- DeepSeek rolled out its image recognition mode to all users, officially entering the era of image-text interaction.
- Its highly efficient visual framework significantly reduces computing power consumption, paving the way for the release of the V4.1 model update in June.

China's leading artificial intelligence (AI) startup DeepSeek has rolled out its "image recognition mode" to all users, marking the company's official entry into the era of image-text interaction.
This major technological breakthrough coincides with the company's push for a record-breaking fundraising round. It plans to raise up to 50 billion yuan ($7.35 billion), according to a report by The Information on Friday.
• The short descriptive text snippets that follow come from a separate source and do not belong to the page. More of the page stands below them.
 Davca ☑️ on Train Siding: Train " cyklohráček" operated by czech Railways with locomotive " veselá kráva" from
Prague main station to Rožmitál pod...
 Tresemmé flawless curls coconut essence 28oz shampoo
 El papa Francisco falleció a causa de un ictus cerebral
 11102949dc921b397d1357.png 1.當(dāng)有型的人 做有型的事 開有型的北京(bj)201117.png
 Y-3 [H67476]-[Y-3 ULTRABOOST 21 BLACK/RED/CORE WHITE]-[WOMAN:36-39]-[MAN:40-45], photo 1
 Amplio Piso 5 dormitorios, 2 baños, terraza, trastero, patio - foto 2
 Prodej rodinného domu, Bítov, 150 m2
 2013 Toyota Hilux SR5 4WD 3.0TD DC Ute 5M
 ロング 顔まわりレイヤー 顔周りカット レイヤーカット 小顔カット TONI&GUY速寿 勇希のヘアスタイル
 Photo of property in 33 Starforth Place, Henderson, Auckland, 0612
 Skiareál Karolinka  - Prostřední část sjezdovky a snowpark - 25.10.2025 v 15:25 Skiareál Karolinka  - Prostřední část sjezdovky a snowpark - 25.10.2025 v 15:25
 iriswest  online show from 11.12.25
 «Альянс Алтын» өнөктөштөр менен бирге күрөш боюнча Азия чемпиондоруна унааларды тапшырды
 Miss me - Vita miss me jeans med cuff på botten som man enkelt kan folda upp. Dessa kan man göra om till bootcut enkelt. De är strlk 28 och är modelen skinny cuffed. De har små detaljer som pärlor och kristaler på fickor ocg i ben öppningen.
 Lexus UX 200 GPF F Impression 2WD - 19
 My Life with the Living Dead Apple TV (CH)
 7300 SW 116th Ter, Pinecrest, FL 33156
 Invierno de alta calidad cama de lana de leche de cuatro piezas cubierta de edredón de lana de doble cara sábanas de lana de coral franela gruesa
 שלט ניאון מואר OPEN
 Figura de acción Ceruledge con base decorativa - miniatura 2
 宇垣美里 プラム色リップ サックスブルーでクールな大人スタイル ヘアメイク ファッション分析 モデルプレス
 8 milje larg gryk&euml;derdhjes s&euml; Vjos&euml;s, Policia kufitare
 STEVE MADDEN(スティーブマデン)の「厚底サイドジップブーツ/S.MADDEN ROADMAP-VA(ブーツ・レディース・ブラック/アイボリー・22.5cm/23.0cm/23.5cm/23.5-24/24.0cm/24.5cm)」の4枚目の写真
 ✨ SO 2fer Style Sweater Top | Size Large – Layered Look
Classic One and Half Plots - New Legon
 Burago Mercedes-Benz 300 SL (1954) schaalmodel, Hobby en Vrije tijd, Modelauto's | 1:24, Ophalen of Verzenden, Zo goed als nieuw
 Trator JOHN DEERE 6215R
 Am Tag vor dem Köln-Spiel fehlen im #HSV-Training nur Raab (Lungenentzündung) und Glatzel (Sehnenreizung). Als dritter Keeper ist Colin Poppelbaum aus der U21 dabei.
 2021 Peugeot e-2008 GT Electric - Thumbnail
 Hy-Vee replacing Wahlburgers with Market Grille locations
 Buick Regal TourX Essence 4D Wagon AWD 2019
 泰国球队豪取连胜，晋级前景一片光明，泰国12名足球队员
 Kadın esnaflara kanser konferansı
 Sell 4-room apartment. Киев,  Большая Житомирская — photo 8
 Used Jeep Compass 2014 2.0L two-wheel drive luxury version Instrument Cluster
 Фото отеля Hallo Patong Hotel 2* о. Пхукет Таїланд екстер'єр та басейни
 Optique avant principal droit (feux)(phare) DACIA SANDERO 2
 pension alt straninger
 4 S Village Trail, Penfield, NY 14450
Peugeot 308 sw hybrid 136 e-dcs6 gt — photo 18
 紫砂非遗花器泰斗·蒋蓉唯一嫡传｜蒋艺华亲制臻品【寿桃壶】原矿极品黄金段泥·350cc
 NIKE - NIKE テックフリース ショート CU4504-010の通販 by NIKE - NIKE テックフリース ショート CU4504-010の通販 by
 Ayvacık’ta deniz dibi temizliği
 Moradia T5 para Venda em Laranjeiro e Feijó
The massive potential deal is expected to propel its valuation to roughly $45 billion and further accelerate its revenue generation and overall commercialization pace.
The image recognition mode began beta testing last month, and currently, almost all test accounts can access the feature.
Its actual capabilities extend far beyond traditional, simple text extraction. Real-world tests show the model can not only accurately identify artifacts from the Qianlong reign of the Qing Dynasty, but also parse complex webpage screenshots and reverse-engineer interactive HTML code with a single click.
When faced with highly difficult spatial reasoning tasks or popular internet meme images, it also demonstrates solid logical reasoning and precise emotional perception.
This new feature is primarily based on a core multimodal framework called "Thinking with Visual Primitives," which significantly enhances the large model's spatial awareness of complex scenes.
The framework directly integrates visual elements, such as spatial locations, into the reasoning chain, solving the logical dilemmas that traditional multimodal models face in complex spatial layouts.
More importantly, this innovative architecture is extremely friendly to computing resources, consuming only about 90 tokens when processing an 800x800 resolution image.
In contrast, other mainstream large models like GPT typically require about 870 to 1,100 tokens to process an image of the same resolution.
Despite the stunning technical performance, comprehensive feedback from massive user testing indicates that the newly launched image recognition mode still has several obvious shortcomings.
Because its knowledge base stops at 2025, the model is prone to making misattributions when identifying the latest electronic products due to a severe lag in information.
Furthermore, when dealing with counter-intuitive graphics such as optical illusions, prolonged deep thinking can sometimes lead to severe logical hallucinations and uncertainty in the answers.
It should be noted that the current mode is strictly limited to pure visual understanding and has not yet integrated broader multimodal interactive features like image generation or video analysis.
The comprehensive expansion of its visual technology capabilities comes at a critical historical juncture as DeepSeek accelerates its commercialization and seeks to consolidate its industry-leading position.
To align its product release cadence more closely with current industry standards, the company has informed investors of its plan to officially launch the V4.1 model update in June, according to The Information.